Basically, keep the RayDAT as master, connect the ADA8000 ADAT in and out optically to a RayDAT ADAT pair and set it to external (slave) sync to ADAT and it will just work. I’ve done this with multiple devices and mixed with MOTU devices (828MkII’s). If a preamp has an S/PDIF or AES-EBU input it should also be possible to sync it to the RayDAT … for example, if you retained the EMU 1616M on a separate computer you could send either ADAT or S/PDIF to it and set it to slave to the RayDAT. Don’t forget also that you can use the RayDAT’s S/PDIF and AES as two separate and independent stereo channels (2 stereo ins and 2 stereo outs), so you could have a 2-channel preamp coming in on S/PDIF, a stereo monitor amp on the S/PDIF output, another 2-channel preamp coming in on AES (XLR) and finally a stereo headphone channel going out on AES. After that, you still have 32 in and 32 outs available via ADAT
The main problems are when you want to connect a preamp that only has an S/PDIF output … this is common with many guitar effects and pedals. There’s no way to get these to sync to another device; the only option there is to sync the RayDAT to the device, in which case you lose out on the quality of the clock from the RayDAT. One notable exception in the guitar world for example is the Behringer V-Amp Pro (the 19" rack version) which has a word clock input – which brings me neatly to word clock.
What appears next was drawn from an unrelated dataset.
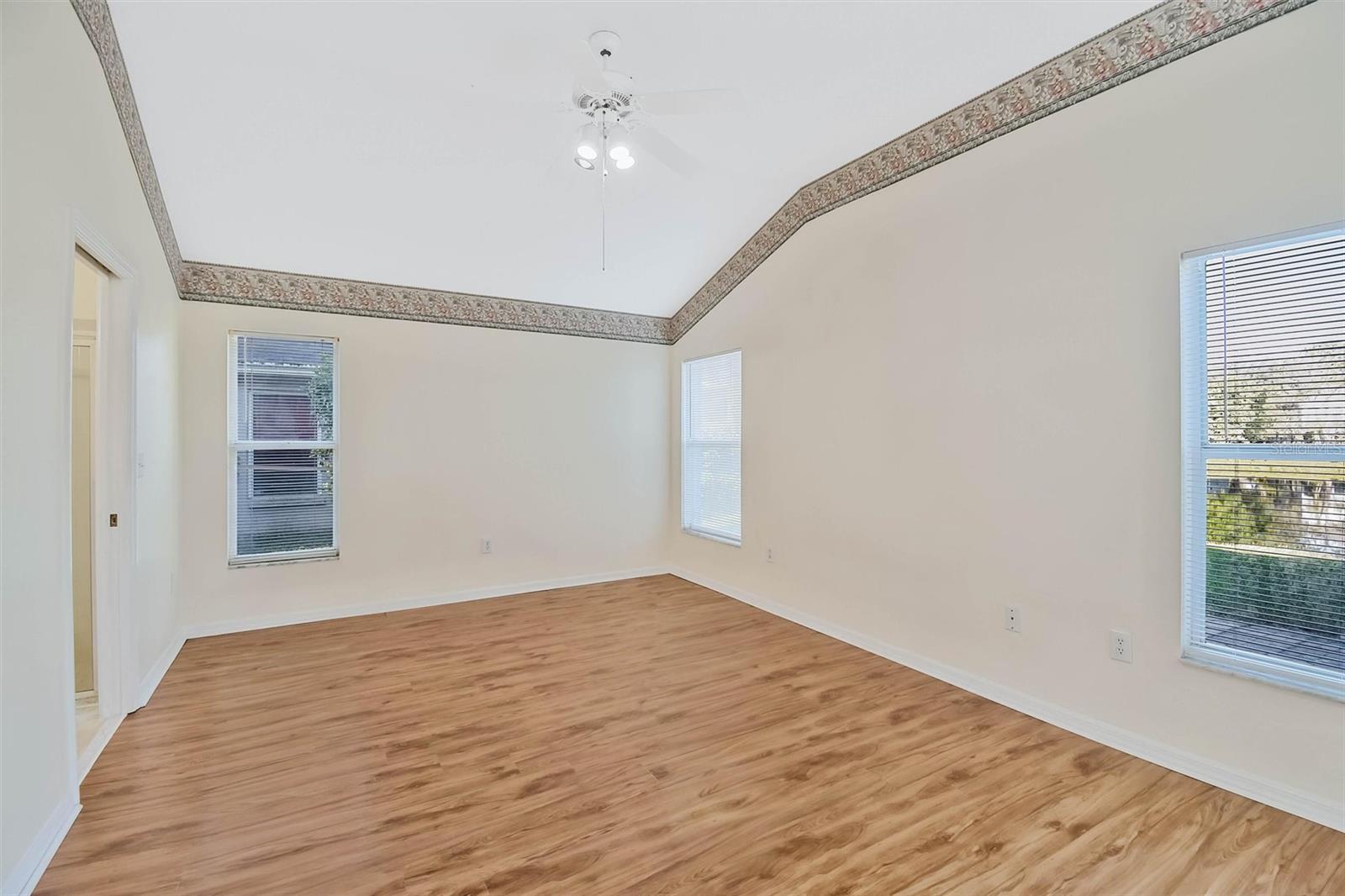 9909 BRIDGETON DR — photo 26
If the budget allows, I’d strongly recommend getting the WCM along with the RayDAT as this adds word clock in and out, however it could always be added later. I’m still kicking myself for not getting the EMU word clock module when I bought my EMU 1212M years ago, while they were still on the market!
In a nutshell, as far as sync in concerned, with the RayDAT as master, what you need to be able to do is send an output to the input of each device that you want to operate in sync – and each of those devices must allow itself to be set to external sync as well! A device which has no digital inputs at all cannot be slave-synced to anything.
I’ve had a look at your thread over on Gearslutz and it’s all pretty good advice as far as I can see, although I wouldn’t worry too much about the recommendation to use the clock in the converters as opposed to the RayDAT (unless of course, you have very, very good converters!). Why that advice is given (and this applies to A/D conversion only, i.e. recording) is explained by Hugh Robjohns in an SOS article. Note however that if you use word clock to the converter (ADA8000 in your case), this “interface jitter” won’t happen; another argument for word clock. Hugh writes a more in-depth article on the subject here and if you want some real food for thought then have a look at his article on whether or not anyone benefits from a dedicated digital master clock at all!
Finally, don’t forget that RME’s TotalMix is simply awesome (not a word I use lightly, as is the fashion!). Think PatchMIX on steroids.